Flood Insurance and Modernization Act

Floor Speech

By: Mike Lee
By: Mike Lee
Date: June 25, 2012
Location: Washington, DC
Issues: Judicial Branch

BREAK IN TRANSCRIPT

Mr. LEE. Mr. President, I rise today to express my support for the minority leader's decision to invoke the longstanding Senate tradition, known as the Leahy-Thurmond rule. Pursuant to this tradition and precedent, the Senate will cease confirming nominees to the Federal courts of appeals until after the Presidential election in November. Many of my colleagues from the other side of the aisle have previously affirmed the propriety of this rule and enforced its standard. For example, in the last year of the Bush administration, the majority leader noted that ``in a Presidential election year, it is always very tough for judges. That is the way it has been for a long time, and that is why we have the Thurmond rule.''

The chairman of the Judiciary Committee, who has cited the Thurmond rule more frequently than any other Senator, has likewise stated that ``in a Presidential election year, after Spring, no judges go through except by the consent of the Republican and Democratic leaders.''

Statements from several of my Democratic colleagues likewise confirm that it is proper to invoke the Leahy-Thurmond rule at this point in a Presidential election year. In 2008, for example, one of my colleagues on the Judiciary Committee argued that for Federal appeals court nominees, once ``it comes to June ..... generally everything stops in an election year.'' Indeed, on June 12 of that same year, another Judiciary Committee colleague stated that the Senate was already ``way past the time of the Thurmond rule.''

History further confirms the propriety of invoking the Leahy-Thurmond rule at this time. It is extremely rare for the Senate to confirm an appeals court nominee after June of a Presidential election year. In fact, it has happened only once in almost two decades, when in 2000 the Republican-controlled Senate confirmed one of President Clinton's nominees. It is simply not true, as comments from some of my colleagues have implied, that in recent Presidential election years we have confirmed appellate court nominees in July, August, or September.

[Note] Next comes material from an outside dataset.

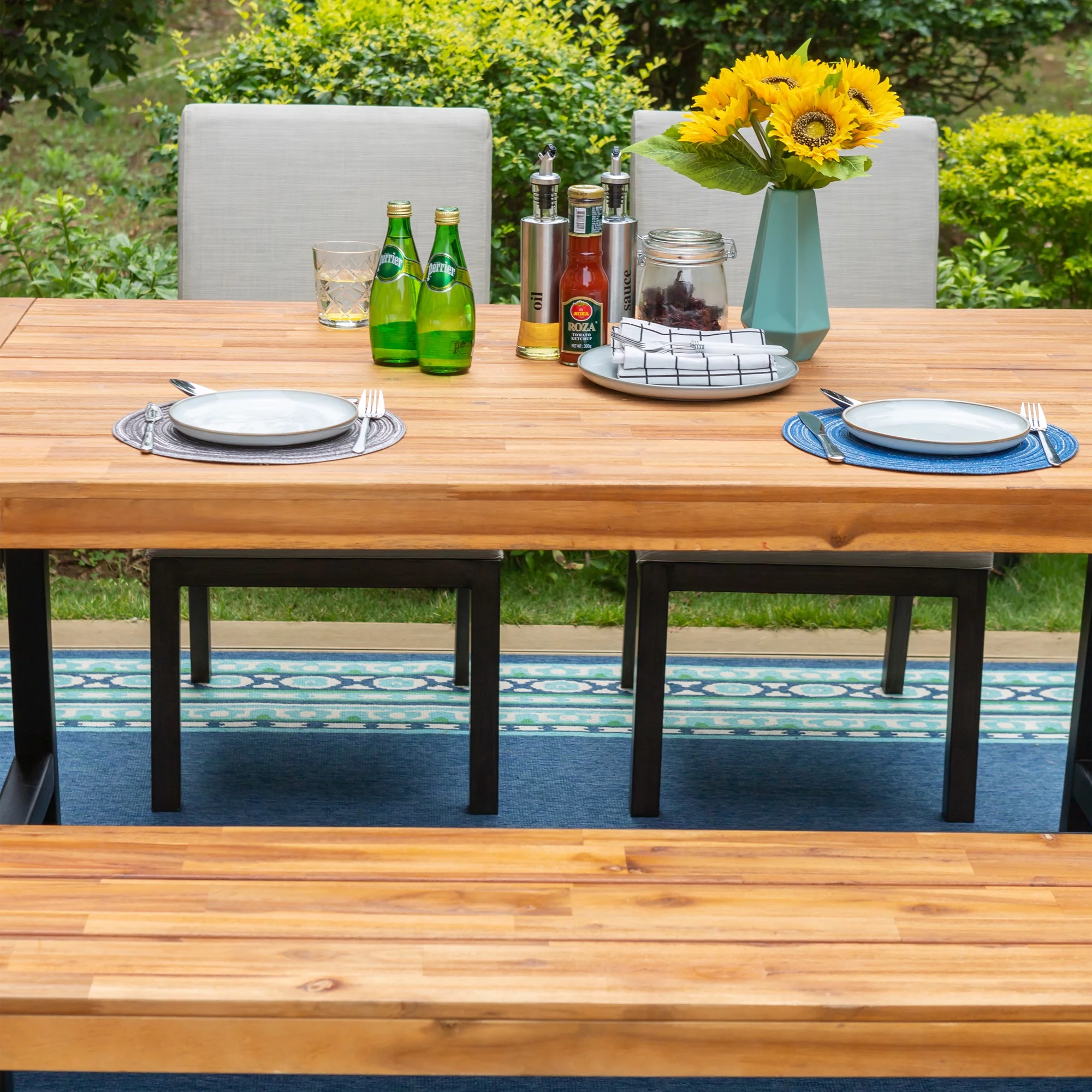 MF Studio 6-Piece Patio Dining Set with 4 PCS Cushion Padded Parsons Chairs, 1 PC Solid Wood Bench&1 PC Large Solid Wood Table, Beige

Moreover, this year we have already confirmed five of President Obama's Federal appeals court nominees. This, incidentally, is the same number of appeals court nominees the Senate confirmed in 2008, the most recent Presidential election year on record. In 2004 the Senate confirmed only four such nominees. Indeed, dating back over 100 years, from President William Howard Taft to President Obama, the Senate has confirmed an average of just four appeals court nominees during Presidential election years. This year we have already exceeded the historical average and confirmed five of President Obama's appeals court nominees.

There is no reason to depart further from the historical norm and confirm additional nominees.

The suggestion by some that application of the Leahy-Thurmond rule somehow affects court vacancies deemed ``judicial emergencies'' is false, and recklessly so. Of the four judicial emergencies on the Federal court of appeals, President Obama has nominated only one individual, and because that nomination was so recent, even absent the Leahy-Thurmond rule, that nominee would not be scheduled for a vote anytime soon.

I also remind my colleagues that Democrats enforced the Leahy-Thurmond rule in June 2008, during a time when there were twice as many judicial emergencies in the circuit courts as there are right now. Likewise, the overall vacancy rate on our circuit courts was much higher in June 2004 when President Bush was in the final year of his term. Yet Democrats did not hesitate to block several qualified appellate court nominees in the months leading up to the 2004 Presidential election.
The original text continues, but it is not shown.